13 – Data representation & file organisation (relevant to email & file transfer) Explain how binary data is encoded for transmission (e.g., MIME, Base‑64). ✓ (see §5)
15 – System software (socket API, OS networking stack) Describe how protocols are implemented using sockets and the role of the OS. ✓ (briefly in §3)
16 – Security Identify encryption methods (TLS/SSL, FTPS, SFTP, POP3S, IMAPS, STARTTLS) and discuss their impact. ✓ (throughout)
17 – Networks (OSI/TCP‑IP model) Place each protocol in the correct layer(s) and relate to transport mechanisms. ✓ (see §3)
Programming (Paper 4) Write, test and evaluate a small program that uses one of the protocols. ✓ (see §6)

3. Where the protocols sit in the network model

OSI layer TCP‑IP equivalent Application‑layer protocols covered
7 – Application Application HTTP, FTP, POP3, IMAP, SMTP, BitTorrent, DNS, SSH
4 – Transport Transport TCP (reliable) – used by all except BitTorrent’s DHT (UDP)
3 – Network Internet IP (v4/v6)
2 – Data link Link Ethernet, Wi‑Fi (IEEE 802.11)
1 – Physical Physical Copper, fibre, wireless radio

All six protocols operate at the **Application layer**; they depend on TCP for reliable delivery (BitTorrent also uses UDP for its Distributed Hash Table).


4. Protocol summary (AO1 quick‑reference)

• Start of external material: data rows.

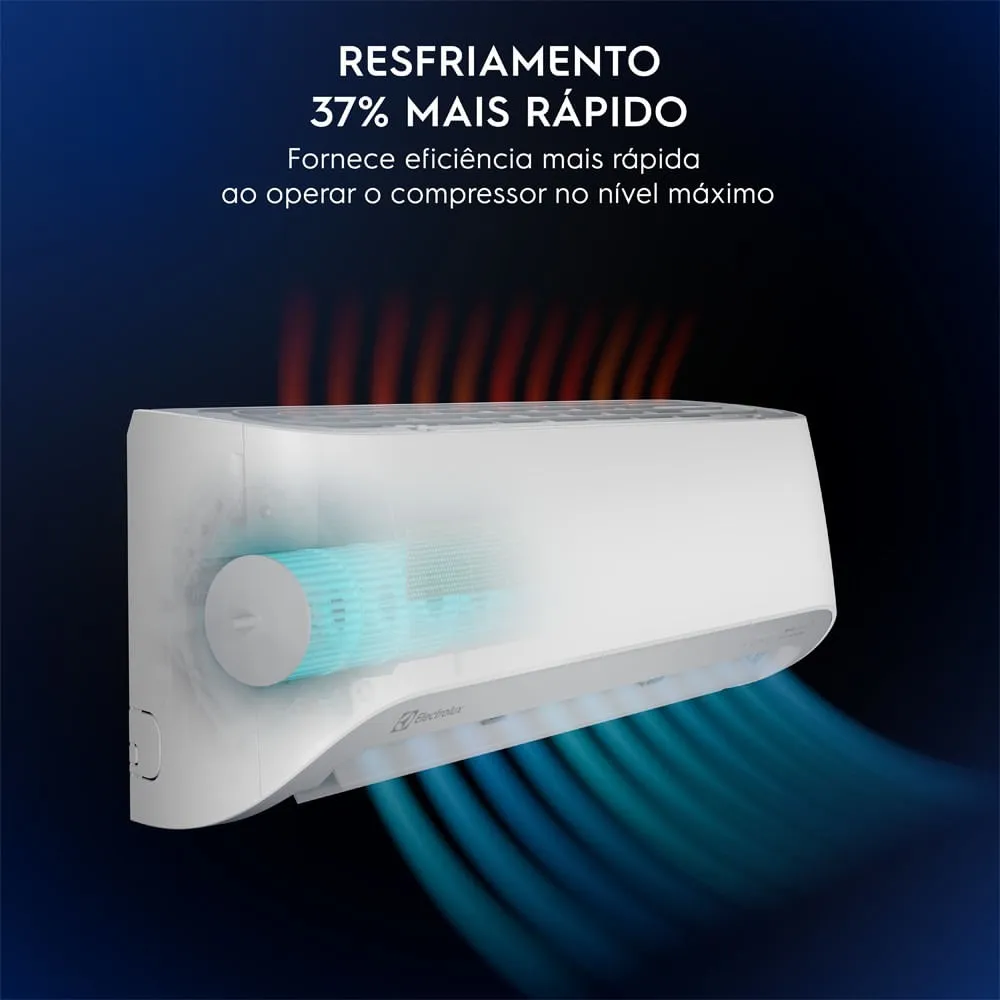 Ar-Condicionado Split Electrolux Inverter 9.000 BTUs Color Adapt Quente/Frio (JI09R/JE09R)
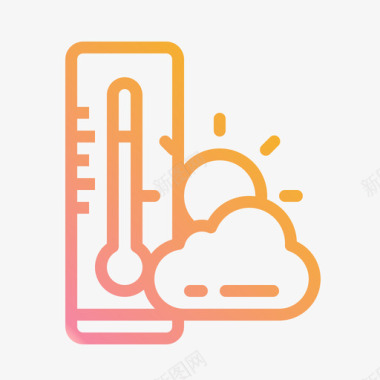 秋季出游温度计秋季76梯度图标图标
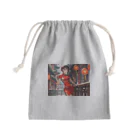 HokutoKenのチャイナ服少女 Mini Drawstring Bag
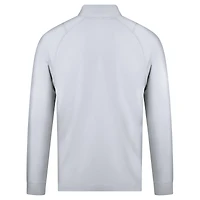 Men's Levelwear White Cleveland Guardians Theory Insignia 2.0 Quarter-Zip Pullover Top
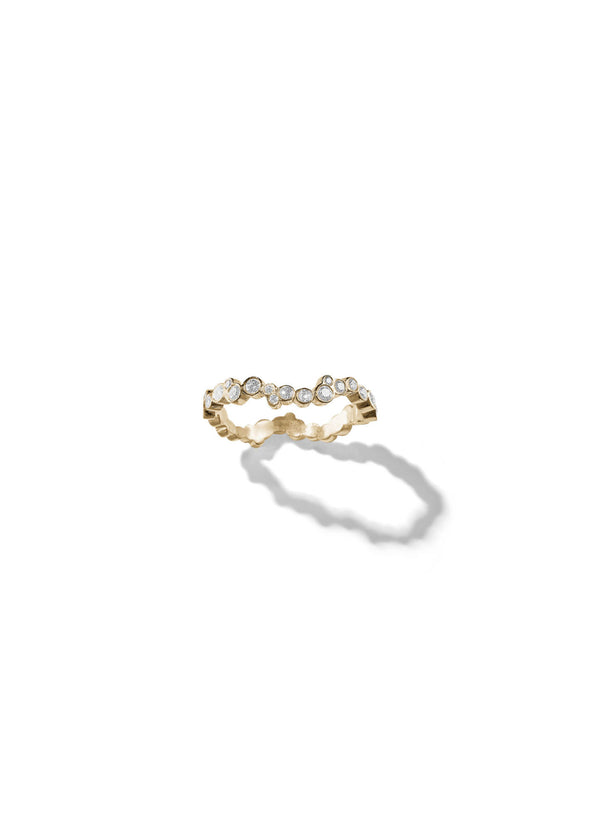 Elysia Dew 14K Guld Ring m. Diamanter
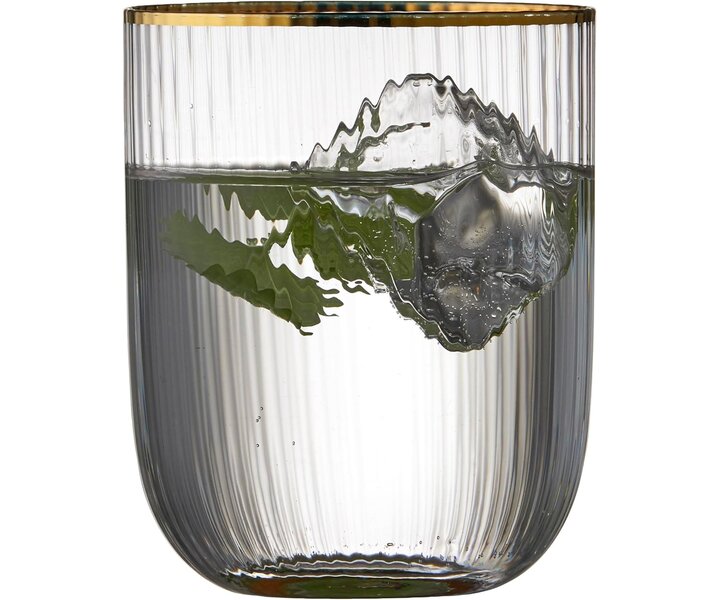 LYNGBY Water tumbler 30 cl   " Palermo Gold "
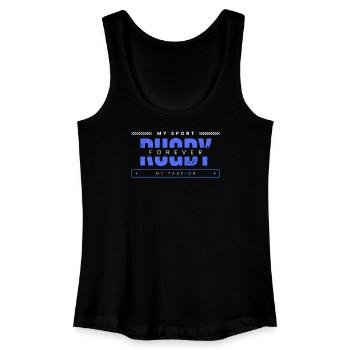 Rugby forever my sport my passion blue - Women’s Organic Tank Top - black - Front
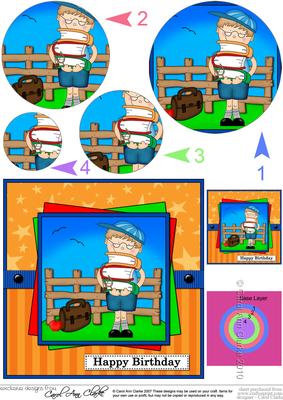 Boyz Schoolboy Zeke Circle Pyramage Topper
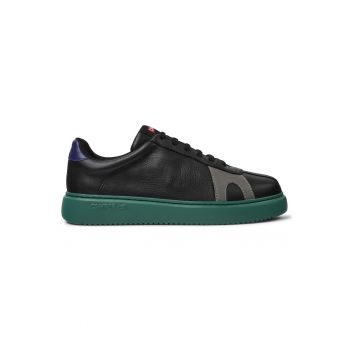 Pantofi sport de piele cu garnituri contrastante Runner K21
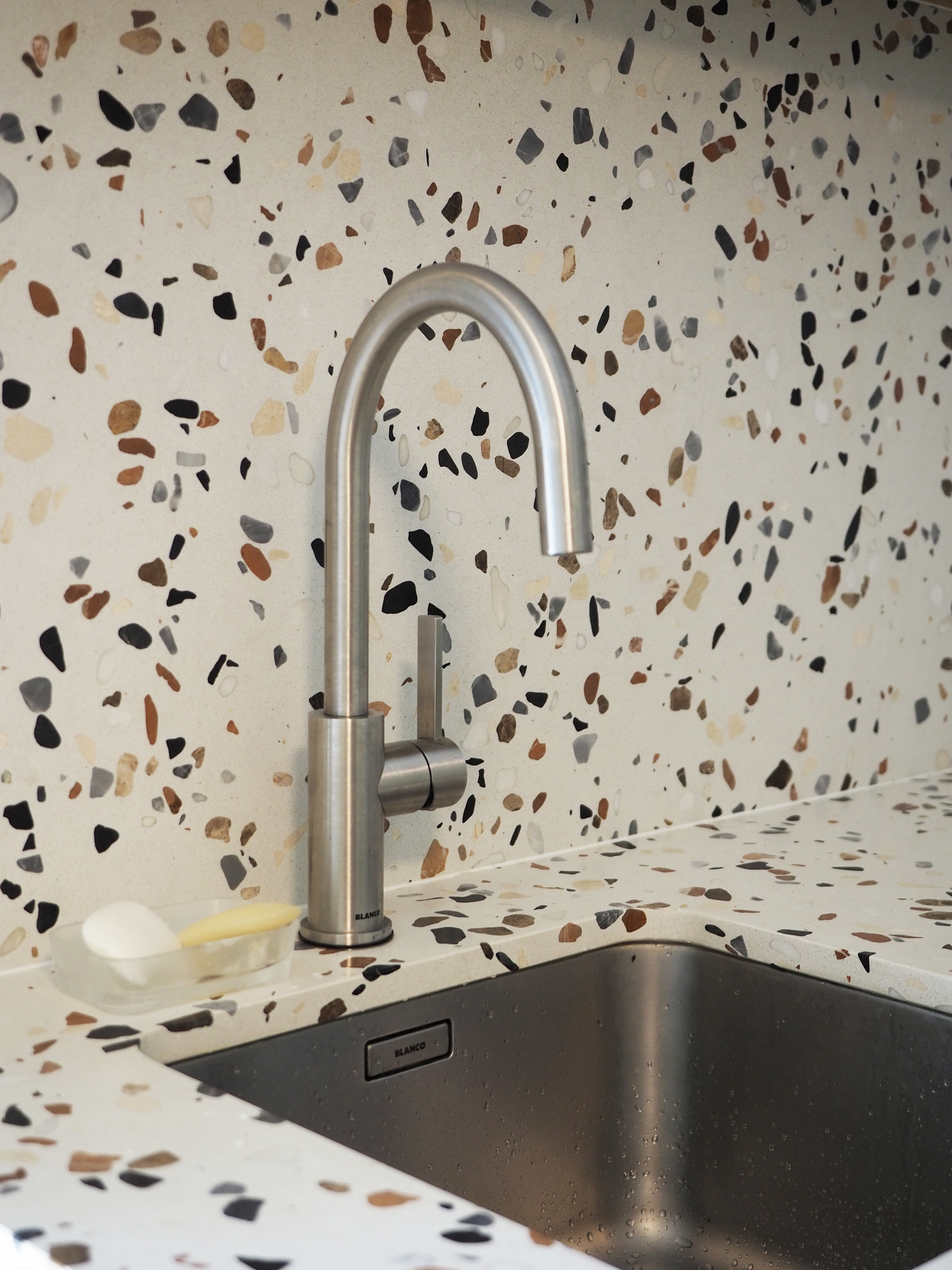 détail évier cuisine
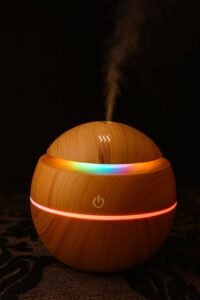 Wooden Shape Humidifier inside Led multicolour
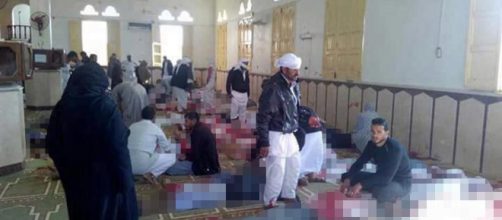 Egypt mosque explosion kills 235 men, women and kids dead after ( Image source-screenshot Youtube.com)
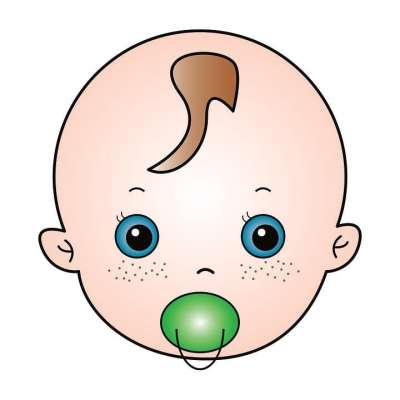 有趣的 草图 可爱的 特点 艺术 婴儿 奶嘴 卡通片 快乐的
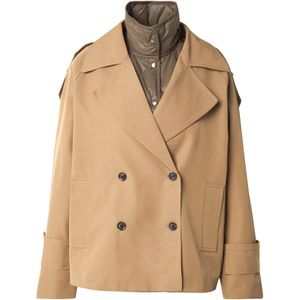 VILA ROUGE EDIT Tussenjas 'ROULILA'  bruin / lichtbruin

Protocol Purpose Typical port(s) Transport Model State‑management Security (default / recommended)
HTTP Web resource retrieval (HTML, JSON, images …) 80 / 443 (HTTPS) TCP Client‑Server request/response Stateless per request (cookies optional) None → HTTPS (TLS) for confidentiality & integrity
FTP Upload & download files 21 (control) / 20 (active data) or high ports (passive) TCP (control + data) Client‑Server (separate channels) Stateful session (login, cwd, etc.) None → FTPS (explicit/implicit TLS) or SFTP (SSH)
POP3 Retrieve mail, usually deleting after download 110 / 995 (POP3S) TCP Client‑Server Stateless after each message retrieval None → POP3S (TLS)
IMAP Access & manipulate mail stored on a server 143 / 993 (IMAPS) TCP Client‑Server Stateful (selected mailbox, flags, UID‑validity) None → IMAPS (TLS)
SMTP Send mail (client‑to‑server & server‑to‑server) 25 (MX), 587 (submission), 465 (SMTPS) TCP Client‑Server (relay) Stateless per message transaction None → STARTTLS or SMTPS (TLS)
BitTorrent Distribute large files via a peer‑to‑peer swarm 6881‑6889 (default) or any high port TCP (piece exchange) + UDP (DHT, trackerless) Peer‑to‑Peer (swarm) Stateful connections to many peers None → optional protocol‑level encryption or VPN

5. Depth boxes – AO1, AO2 & AO3 for each protocol

5.1 HTTP – HyperText Transfer Protocol

AO1 facts
  • Application‑layer, text‑based protocol.
  • Methods: GET, POST, PUT, DELETE, HEAD, OPTIONS, PATCH.
  • Status‑code categories: 1xx (informational), 2xx (success), 3xx (redirection), 4xx (client error), 5xx (server error).
  • Typical ports: 80 (plain), 443 (HTTPS – TLS/SSL).
  • Stateless per request; session state is usually kept with cookies or tokens.
AO2 – Choosing HTTP

Scenario: An online store must transmit credit‑card details and display product pages.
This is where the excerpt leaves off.